Segundo Rosa (2011), a Igreja realizou diversas ações taticamente desenhadas por sua liderança, assim como elegeu interesses institucionais orientados pelo “processo de romanização de caráter ultramontano”, isto é, pela “intensificação e o aprofundamento dos laços institucionais, doutrinários e pastorais entre as Igrejas locais e a Cúria Romana”. Assim, o episcopado brasileiro coordenou e mobilizou inúmeros “recursos no âmbito nacional e internacional visando atingir seus desígnios” (Rosa, 2011, pp. 18-19, p. 106). O catolicismo, enquanto religião que se pensa universal, procurou legitimar-se na esfera das relações políticas para reforçar sua ortodoxia e retomar espaços de poder outrora ocupados na sociedade brasileira.

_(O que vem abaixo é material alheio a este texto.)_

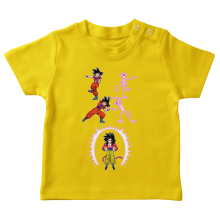 Baby T-shirts Videospelletje Parodien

O início do século XX marcou o empenho da Santa Sé em arvorar sua representação diplomática no Brasil, ao status de Nunciatura, em 1901, e a exaltar a nomeação de Dom Joaquim Arcoverde como primeiro cardeal da América Latina. Foi o prenúncio de uma nova era: a liderança eclesiástica percebeu sua responsabilidade na defesa da ortodoxia católica. Magalhães (2005) lembra que a impressa católica desempenhou um papel importante nestes anos que antecederam a reação. Em fins do século XIX, os Salesianos fundaram a revista Leituras Católicas. Posteriormente, surgiram os periódicos Ave Maria e Lutador. Em 1907, os padres Franciscanos fundaram a revista Vozes de Petrópolis. Neste mesmo contexto, redentoristas fundaram o jornal e o Almanaque Aparecida e a revista Santa Cruz: periódicos políticos organizados em defesa do ideário católico.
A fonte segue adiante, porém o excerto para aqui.